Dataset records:
────────────────────────────────────────
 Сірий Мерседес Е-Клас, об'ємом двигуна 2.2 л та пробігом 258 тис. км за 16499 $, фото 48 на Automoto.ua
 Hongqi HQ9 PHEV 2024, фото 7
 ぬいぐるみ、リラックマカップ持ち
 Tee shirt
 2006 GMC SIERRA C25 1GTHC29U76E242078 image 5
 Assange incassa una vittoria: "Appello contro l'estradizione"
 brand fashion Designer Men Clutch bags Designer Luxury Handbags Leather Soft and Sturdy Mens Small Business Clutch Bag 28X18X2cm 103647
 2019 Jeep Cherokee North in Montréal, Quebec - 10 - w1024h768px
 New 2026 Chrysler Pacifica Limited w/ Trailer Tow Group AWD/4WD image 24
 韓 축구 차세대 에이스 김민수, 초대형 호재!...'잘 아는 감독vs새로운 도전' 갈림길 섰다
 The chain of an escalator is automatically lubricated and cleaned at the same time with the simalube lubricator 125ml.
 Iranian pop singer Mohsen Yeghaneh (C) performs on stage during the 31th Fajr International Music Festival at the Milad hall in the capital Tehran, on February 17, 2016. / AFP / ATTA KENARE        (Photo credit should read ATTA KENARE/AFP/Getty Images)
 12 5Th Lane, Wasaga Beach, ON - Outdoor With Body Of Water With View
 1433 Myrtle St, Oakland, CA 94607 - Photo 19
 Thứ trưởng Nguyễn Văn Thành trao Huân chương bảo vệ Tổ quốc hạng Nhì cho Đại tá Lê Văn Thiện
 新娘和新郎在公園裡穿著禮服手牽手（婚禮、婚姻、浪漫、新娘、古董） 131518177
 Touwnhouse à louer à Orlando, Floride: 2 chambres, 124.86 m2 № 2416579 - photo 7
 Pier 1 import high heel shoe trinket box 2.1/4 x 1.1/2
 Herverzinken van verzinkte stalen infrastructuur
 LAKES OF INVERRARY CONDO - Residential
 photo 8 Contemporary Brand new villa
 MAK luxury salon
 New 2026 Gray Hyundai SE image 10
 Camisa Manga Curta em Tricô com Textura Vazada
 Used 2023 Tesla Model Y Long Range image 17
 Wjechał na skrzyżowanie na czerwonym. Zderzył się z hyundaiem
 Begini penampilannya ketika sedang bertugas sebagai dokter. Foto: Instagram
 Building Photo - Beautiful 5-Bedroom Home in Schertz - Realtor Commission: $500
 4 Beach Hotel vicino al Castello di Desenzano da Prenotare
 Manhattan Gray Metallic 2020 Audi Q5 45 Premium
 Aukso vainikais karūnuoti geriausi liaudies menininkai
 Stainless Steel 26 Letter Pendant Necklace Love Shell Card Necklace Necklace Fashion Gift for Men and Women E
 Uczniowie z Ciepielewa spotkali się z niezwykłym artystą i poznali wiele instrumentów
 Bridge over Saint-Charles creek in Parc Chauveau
────────────────────────────────────────
▶ [TASK DESCRIPTION]: Of the lines above, show those in which "Gray" appears.

▶ [THE COMPLETED TASK]:
 New 2026 Gray Hyundai SE image 10
 Manhattan Gray Metallic 2020 Audi Q5 45 Premium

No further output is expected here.